Thank you Frank for the Truthful Tuesday questions.
“Here in the States, yesterday was Labor Day, which means some of us got a three-day weekend. It also is the unofficial end of summer, or at least the last time many people in the US at least do anything summer related. My questions this week are focused around that, so if you live somewhere that it wasn’t Labor Day, you can just use your most recent long holiday weekend, or whatever weekend serves as your last big weekend of summer. If that weekend hasn’t happened yet, then you can discuss what you are planning.”
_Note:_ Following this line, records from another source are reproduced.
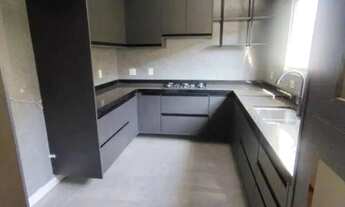 Imagem 5: Sobrado com 4 dormitórios, 150 m² - venda por R$ 1.100.000,00 ou aluguel por R$ 7.000,00/m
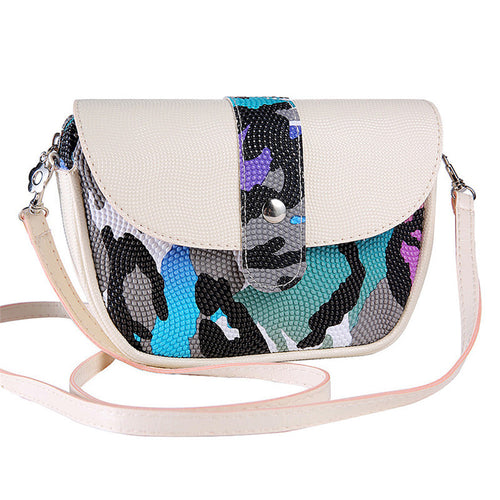 famous designer purses and handbags 33 colors plaid series girls crossbody bag brand women messenger shoulder bags bolsos J4U66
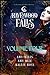 Havenwood Falls Volume Four...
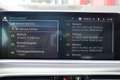 BMW X5 xDrive45e PHEV Aut. *M-Paket*1.Besitz*Panoramad... Schwarz - thumbnail 28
Did you get a long weekend this Labor Day, or did you have to work? (Specifically, I’m asking about Monday, but it could be in reference to Saturday or Sunday, if that applies to you.) Assuming you had Monday off, did you do anything special for the end of summer? If you weren’t off, is there anything you would have done?
Because I am retired, every day is a holiday without work. Well, not a paid job. Sundown last night began the holiday of Rosh Hashanah. According to tradition, it is the day G-d created Adam and Eve. Rosh Hashanah is celebrated as the beginning of the Jewish New Year. As I have stated before, I consider myself a spiritual, cultural Jew.
Typically, we go to the beach and throw stale breadcrumbs into the surf. This is to observe Tashlich (תשליך) (Hebrew: “casting off”). It involves symbolically casting off the sins of the previous year by tossing stale pieces of bread into a body of flowing water. The Pacific Ocean is my idea of a terrific body of flowing water.
Here’s where I would be considered a terrible Jew by many. My spouse had to work today, so we went yesterday morning. I said my prayers, tossed my “sins”, and was ever so grateful for the ability to do so. The beach is my soul’s happy place. I feel very connected to the universe there. It’s worth the drive for such an important day.
Last night, I was able to attend a service on a Zoom call. It was beautiful. The Rabbi made the service very meaningful. She sent out a PDF before the service so we could follow along. Her Cantor’s voice filled my heart with joy. The young man blowing the shofar did a wonderful job.
This is my first year without any family in the former generation. This is my first year without a phone call from anyone wishing me a Happy New Year. (Happily, a dear friend sent me a card which touched me so much.) This is my first year I shall try to make an apple honey cake to remember my heritage. I am trying to reclaim the day. Yesterday was very important to me.
I am also grateful for the Labor Day holiday and what it represents. When I began teaching, school started the day after Labor Day. It marked the end of summer and more importantly honored all the contributions workers made to our country.
In my area, we had a fair number of migrant children. The start of school meant many could stop working in the fields and come to school. I am going to make a huge generalization here: most of them were very eager to learn and appreciated whatever time they had in school before moving on to the next location.
Wrapping it up, yesterday was special for me. Today, I celebrate the new year. Today, I shall make a donation to give back to the world that has given much to me.
Shanah Tovah’tukah! Wishing you a year filled with prosperity, happiness, and good health both mentally and physically!